Namaste friends! For us, family yoga means a less-stressed and much happier mommy (making life much easier for the entire fam); plus better health for all. Less doctors visits and medical interventions mean less environmental impact from our family all around.
I’ve been basking in post-yoga sweet-savasana-bliss since the weekend. Hubs and I celebrated a belated Valentines “date” Saturday night with an AcroYoga and Thai Massage Couples Workshop: talk about a perfect heart-opening experience!
For our family, February is a blissful and busy time. Besides the festivities that accompany the 14th, both my son and my husband celebrate birthdays. I have lots of opportunities to reflect on love and life; my time as a mother, and a wife…it all seems interconnected with my journey as a yogi.
Family Yoga for a Happier Household
Years ago, I guest blogged for Make and Takes about the benefits of yoga for pregnancy. But yoga is something that the entire family can do together because like most who practice the ancient tradition know “Yoga can help reduce stress, lower blood pressure and improve heart function” (those are the Mayo Clinic’s words, not mine).
Yoga improves range of motion and strength, making you less prone to injury in sports or just normal daily activities. (Think, less kinked necks or random aches and pains that “appear” to come from nowhere.) Additionally, yoga can play a role in reducing risk factors for chronic disesases, including depression, pain, anxiety and insomnia.
Brandi Allen, who created the Kids Yoga Teacher Training Program at the We Are Yoga Studio in Salt Lake City, Utah (“coincidentally” also the studio I teach at) explains that: “Yoga is beneficial to everybody, but especially children.” Allen has been teaching yoga for 10 years, but also spent 14 years as a child educator, currently working at Montessori Community School in Salt Lake.
Allen says the mind-body connection of yoga can help with obesity and unhealthy eating habits in children. “[Yoga] practice makes children more aware of what they’re putting in their body and how they’re treating themselves.”
Beyond body awareness, Allen says that the relaxation benefits for children are especially important with the stress and pressure kids are subjected to in our modern busy world.
“I see so many kids with high anxiety. If children practice yoga, it allows them to better focus and concentrate with school. It helps with their self-esteem.”
Give family yoga a try!
Photo Credit: Khosrow Shotorbani, We Are Yoga Studio in Salt Lake City, Utah
How amazing that you posted this! I’ve been thinking I’d like to try some kind of mother-daughter yoga class. I’m your typical high-stress, high-anxiety, worrywart type personality, and unfortunately my oldest daughter is too. She’s only four, but I see her starting to do things like I do, and I want to give her an outlet for all that stress, something I didn’t have. Now I just need to find a place to go, or at least a good video to start!
@dannyscotland, your comments warm my heart. This post indeed was for you!

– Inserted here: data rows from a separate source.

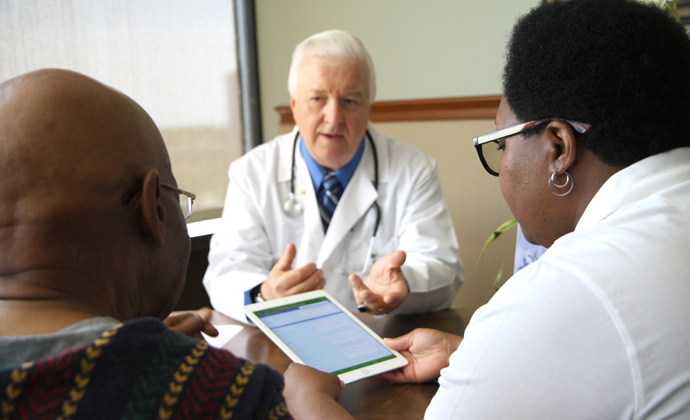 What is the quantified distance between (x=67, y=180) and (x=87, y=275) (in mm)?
110

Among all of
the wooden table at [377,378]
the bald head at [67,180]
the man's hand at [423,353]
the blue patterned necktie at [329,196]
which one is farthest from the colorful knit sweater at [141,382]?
the blue patterned necktie at [329,196]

As I mentioned in the comments above, I don’t know specifically of any DVDs for family/kids yoga, so if you can’t find a kids yoga class in your area, those two books are a fabulous place to start (I think I was introduced to them through the reading list for Brandi’s Kids Teacher Training program at the studio.)

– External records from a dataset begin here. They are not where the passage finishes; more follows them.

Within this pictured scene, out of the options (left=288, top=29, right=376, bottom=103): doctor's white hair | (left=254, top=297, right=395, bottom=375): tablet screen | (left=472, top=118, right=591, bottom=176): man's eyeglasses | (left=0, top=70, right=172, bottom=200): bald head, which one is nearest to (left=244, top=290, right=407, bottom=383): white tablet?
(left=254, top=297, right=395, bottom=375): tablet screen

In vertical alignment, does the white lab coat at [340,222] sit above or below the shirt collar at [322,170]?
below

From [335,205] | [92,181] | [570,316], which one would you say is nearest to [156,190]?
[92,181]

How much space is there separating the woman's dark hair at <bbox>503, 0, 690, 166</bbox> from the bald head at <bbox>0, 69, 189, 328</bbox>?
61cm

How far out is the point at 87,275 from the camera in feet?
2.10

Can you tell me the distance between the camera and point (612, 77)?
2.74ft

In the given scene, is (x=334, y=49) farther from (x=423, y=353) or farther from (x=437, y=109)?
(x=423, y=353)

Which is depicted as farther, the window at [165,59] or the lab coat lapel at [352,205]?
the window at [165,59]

That said, another on the reading list that I love – though it’s not postures but awesome and for meditation and breath work – is called “Peaceful Piggy Meditation.” (Here’s the link on amazon: http://tinyurl.com/a95hgx2)
I’ve used it a few times in my YogaPlaydate classes, and I love reading it to my kids too. It might be a good fit for you and your daughter.
Good luck!
We don’t have anything close to us… do you have ideas of Yoga videos that are good for the whole family? I’ve seen yoga for xBox Kinnect – anyone with experience with that and littles?
Great question Marie. I can’t speak specifically to DVD’s or video games, but there are two books I can recommend with poses and activities for families and kids. The first “Yoga for Children” (Simon and Schuster 1992) is by Mary Stweart and Kathy Phillips. The second, and my personal fave, is “Yoga Kids: Educating the Whole Child Through Yoga” by Marsha Wenig (published by Stewart, Tabori & Chang).
Both have beautiful pictures and activities; and they’re both just over 120 pages.
Using the book/s gives kids one more chance to unplug (a major plus in our house with a pre-schooler who especially loves any kind of ‘screen time’) and it’s easy to go at your own pace, without having to worry about the ‘pause’ button on the DVD players if something is or is not working. :)
We’ve hosted yoga playdates for neighborhood kids with great success based on a bunch of the principles and games from these books… but even a pose a day (even a week!) can have benefits.